From: Duncan Murdoch <murdoch_at_stats.uwo.ca>
Date: Tue 27 Dec 2005 - 20:03:32 GMT

On 12/25/2005 2:35 PM, KNygren@us.imshealth.com wrote:
> I have an upcoming JASA paper with an iid sampling algorithm for Bayesian Generalized Linear models (e.g., Logit, Poisson Regression, and Conditional Logit models with multivariate normal priors). At this point, I have implemented the algorithms in C and hope to make the functions and corresponding source code available through an R package. I have successfully created the code necessary to create and install a package with most of the functions on my local machine (using R CMD check,R CMD build, and R CMD INSTALL). As my code makes extensive use of the GSL matrix library, however, I have some questions regarding portability of my package.
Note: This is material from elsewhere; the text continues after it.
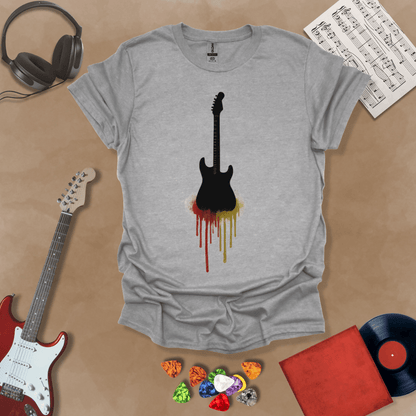 Gray t-shirt featuring a black electric guitar silhouette with colorful paint drips extending downward.
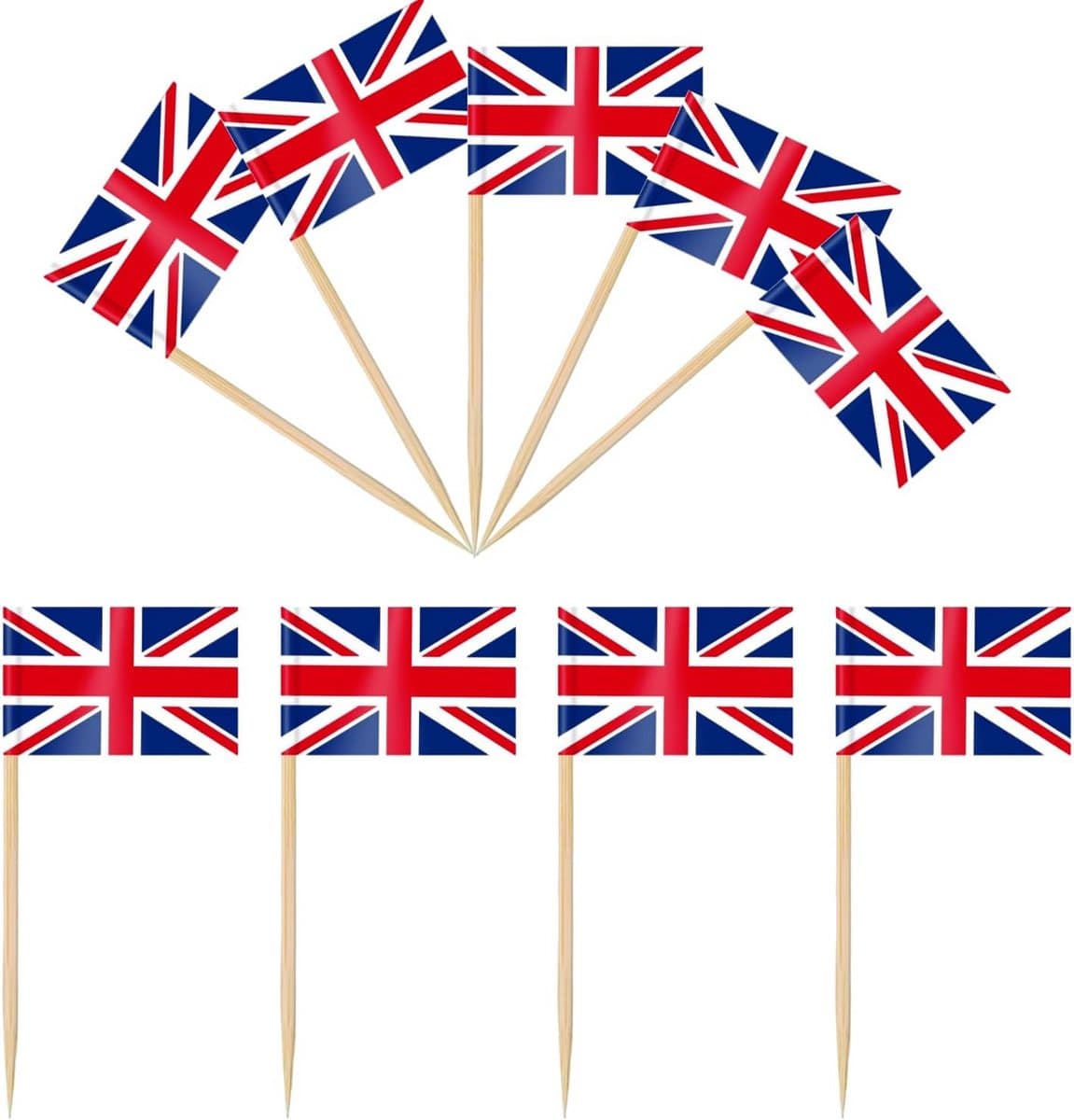 Cocktailprikkers met Vlag - Houten prikkers - Feestelijke Decoratie - Patriottische Sfeer - 100 Stuks - Rood Wit Blauw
I am also running into some memory issues when making repeated calls to my functions which I would hope to be able to fix before making a formal distribution of the package. More specifically, the issues are the following:
>
> I. Portability-
>
> Since I make extensive use of the gsl library in my C code, I have the gsl library installed (within the MinGw directory so it is included in the path) on my local machine. Within the package, I am then including a Makevars file with the following code in order to link to the gsl library:
>
> PKG_LIBS=-lgsl -lgslcblas
>
> I also know that there is an R package (gsl) making use of some gsl functions which contains a Makevars.win file with the following code:

This package requires manual handling to build for Windows, and probably for some other platforms if they don't come with gsl by default.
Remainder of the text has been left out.